'Trampling on democracy,' Windsor MPP critical of Ford's use of notwithstanding clause

Premier Doug Ford's move to invoke the notwithstanding clause in the battle to downsize City of Toronto's number of councillors may be restricted to Toronto, but local MPP thinks the harm is broader the immediate people who are affected.

NDP MPP for Windsor-Tecumseh Percy Hatfield says it's an attack on democracy

NDP MPP for Windsor-Tecumseh is one of Doug Ford's many critics for the premier's use of the notwithstanding clause. (Michael Hargreaves/CBC)

If premier Doug Ford's Efficient Local Government Act passes, the City of Toronto will have 25 councillors, a number which is equivalent to the "City of Windsor having two city councillors," according to NDP MPP Percy Hatfield.

Hatfield is among many critics against Ford's use of the notwithstanding clause after an Ontario judge blocked the previous version, called the Better Local Government Act.
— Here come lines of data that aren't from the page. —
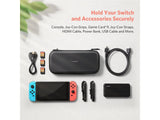 Nintendo Switch Schutzhülle mit Fächer für Kabel, Kopfhörer & Zubehö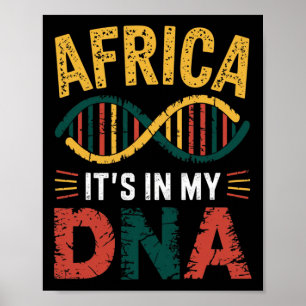 Afrika i min Afrika för afrikanskt kulturarv Poster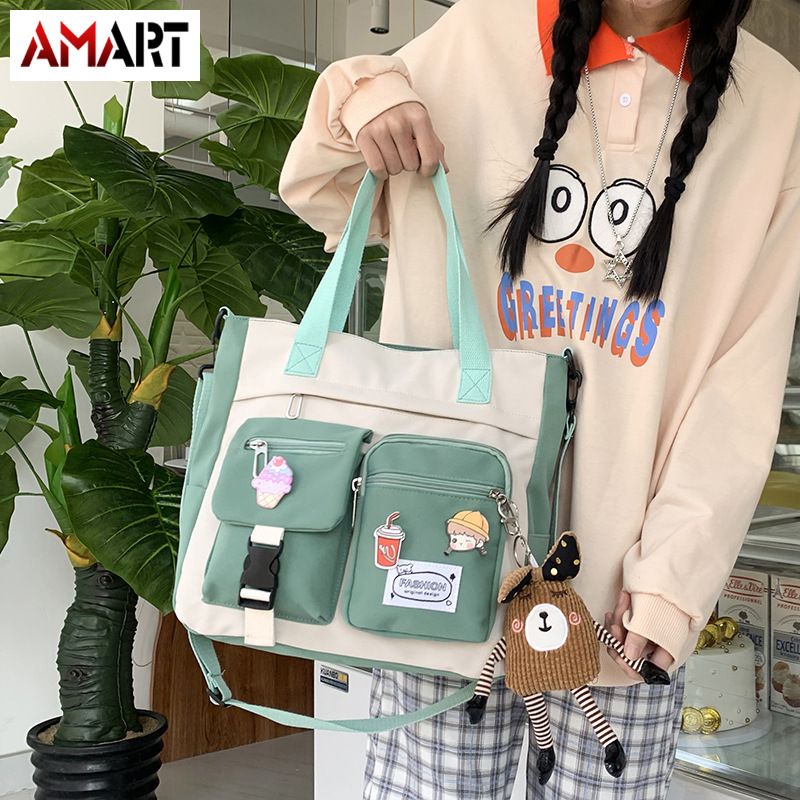 Women Autumn Winter Oxford Cloth Bag Shoulder Crossbody Messenger Bag Large-capacity Handbag Tote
"They're just trampling on democracy," said Hatfield, MPP for Windsor-Tecumseh, who was at Queen's Park for the heated discussion that unfolded.

Some protestors were seen handcuffed and brought out of the gallery by security. The Speaker called for a recess and cleared out of the public gallery after protesters yelled "this is not democracy," drowning out proceedings.

NDP MPPs banged on their desks and were escorted out one by one at the Ontario legislature Wednesday afternoon as they tried to delay the reintroduction of the notwithstanding clause bill to cut the size of Toronto city council. 2:18

Later in the afternoon, NDP MPPs were kicked out one-by-one when they loudly protested the reintroduction of the bill.

In a statement from the Government of Ontario, they say a smaller council would "end political gridlock" and also save city taxpayers at least $25 million over four years.

One of Hatfield's main concerns is that Ford is "interfering halfway through a municipal campaign," and doing so without any notice.

"He didn't breathe one word of it during the [provincial election]," said Hatfield.

While Ford's current move is only restricted to Toronto, Hatfield said the harm in the premier's action is that he won't have problems using the notwithstanding clause again.

"He's sending a message that it's his way or the highway," said Hatfield.